Aim of the exercise :: Take nothing but the lines from the one with "Gold necklace with" through the one with "Broken smartphone with" in the entries below, both ends kept, and return them exactly with pictures left out.

Records shown ::
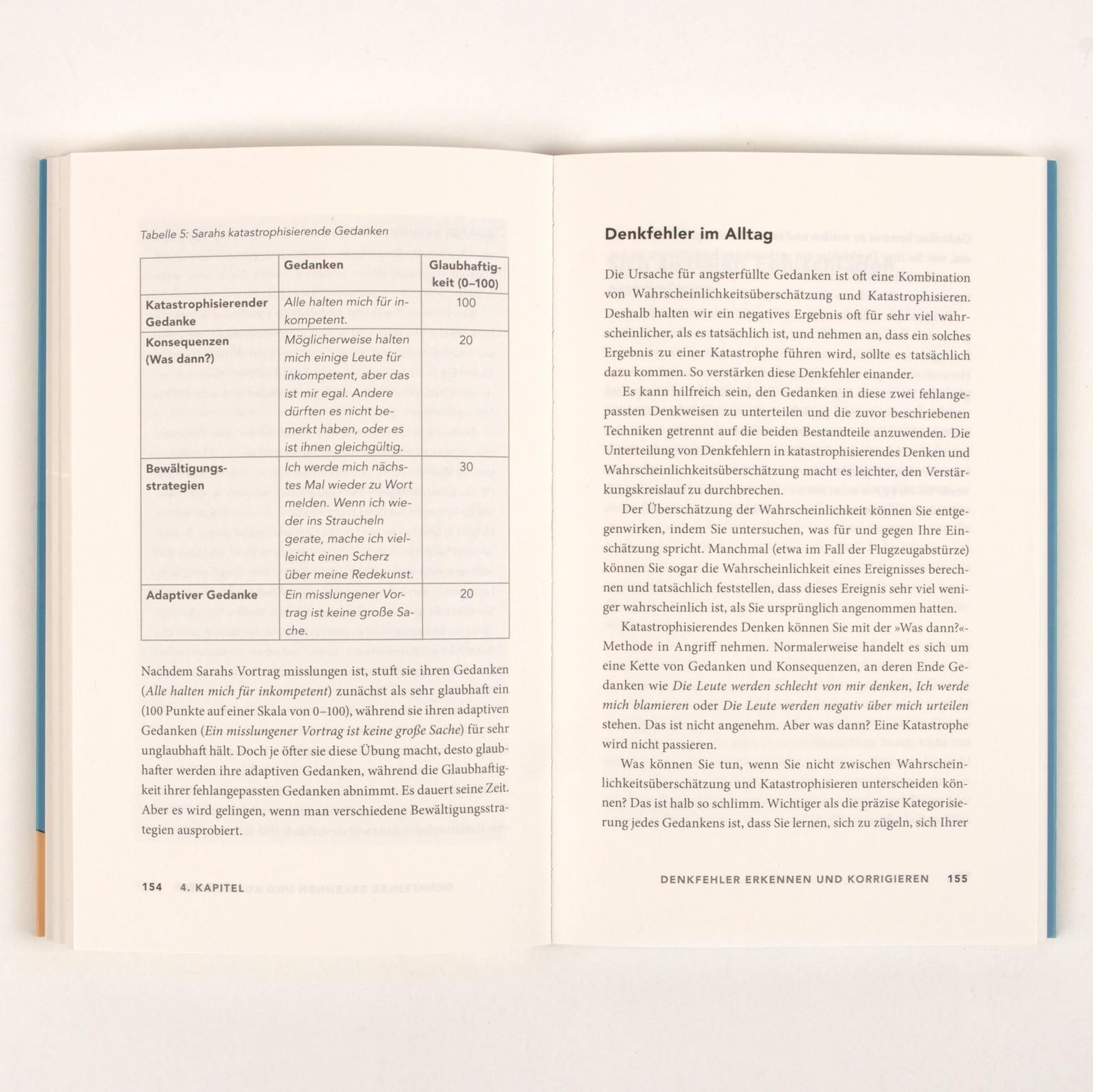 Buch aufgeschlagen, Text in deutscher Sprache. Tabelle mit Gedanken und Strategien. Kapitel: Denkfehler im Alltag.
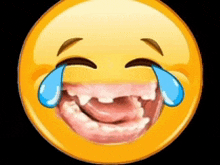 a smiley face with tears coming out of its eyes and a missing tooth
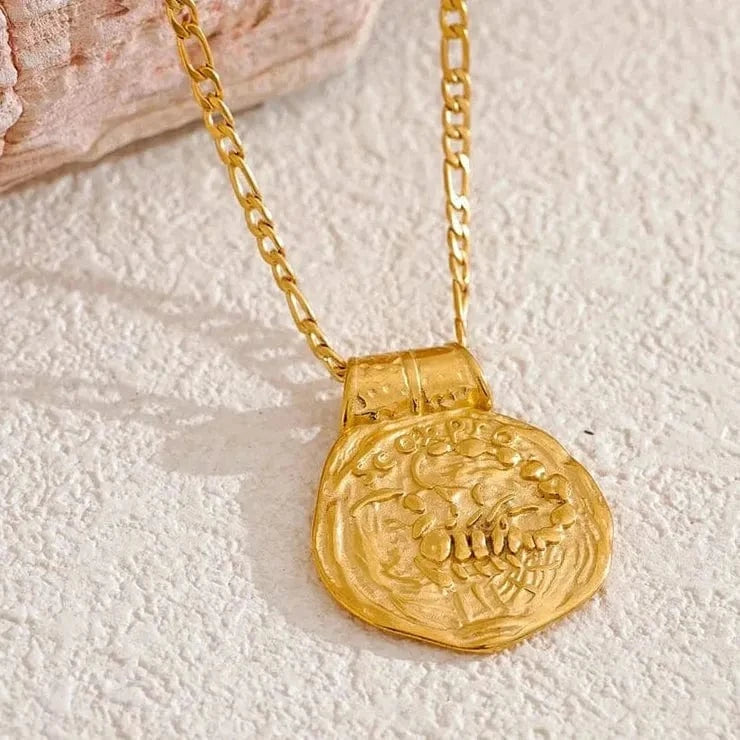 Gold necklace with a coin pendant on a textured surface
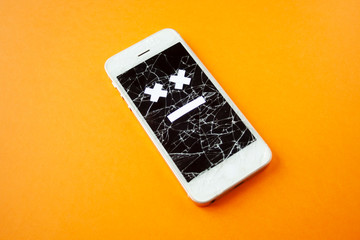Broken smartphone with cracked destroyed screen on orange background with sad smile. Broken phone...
...
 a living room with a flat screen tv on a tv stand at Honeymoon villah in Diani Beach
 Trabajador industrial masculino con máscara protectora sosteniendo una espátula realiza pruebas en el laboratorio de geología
---
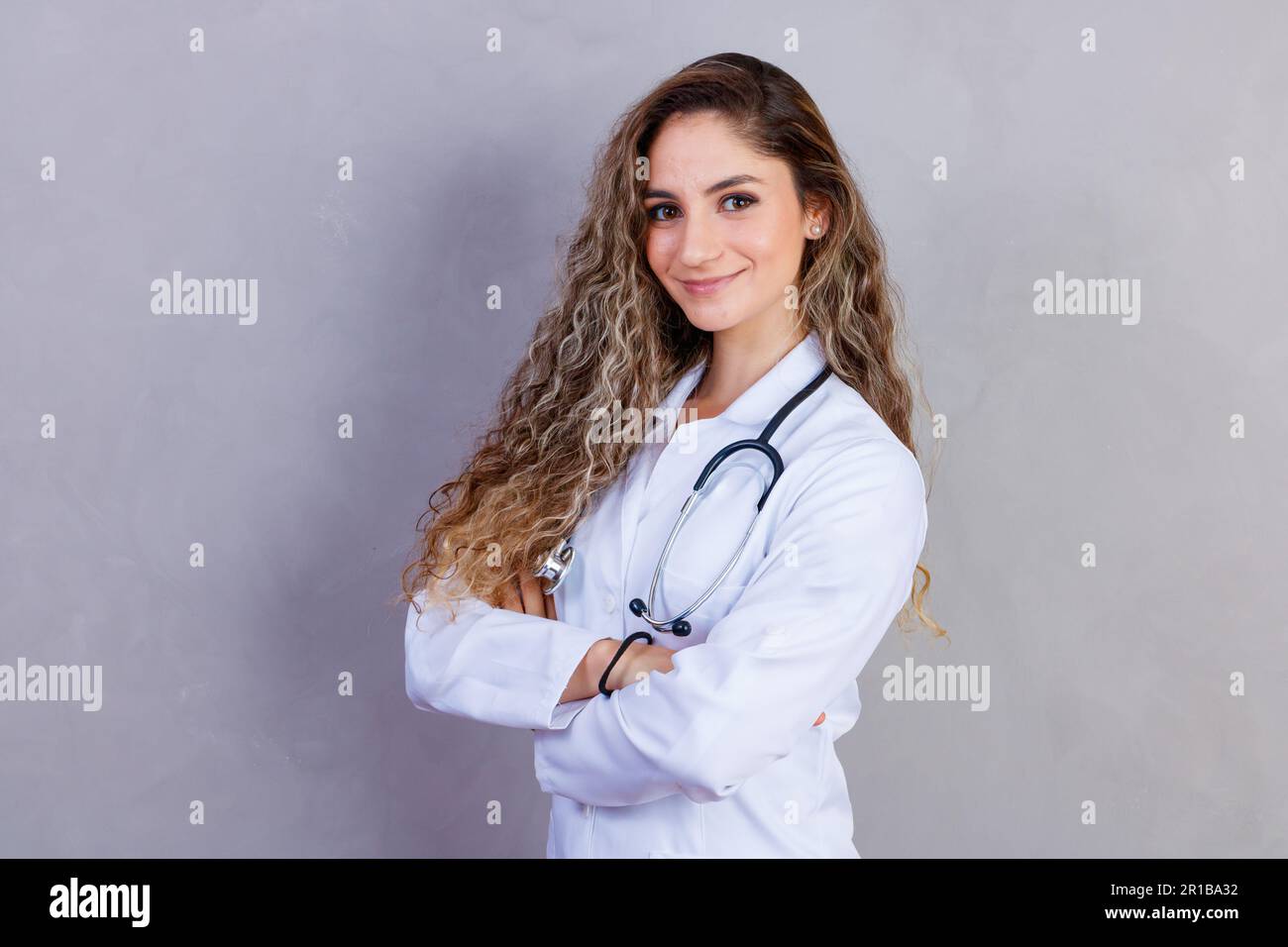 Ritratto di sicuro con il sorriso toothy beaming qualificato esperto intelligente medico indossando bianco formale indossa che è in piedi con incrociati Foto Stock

Problem solution ::
 Gold necklace with a coin pendant on a textured surface
Broken smartphone with cracked destroyed screen on orange background with sad smile. Broken phone...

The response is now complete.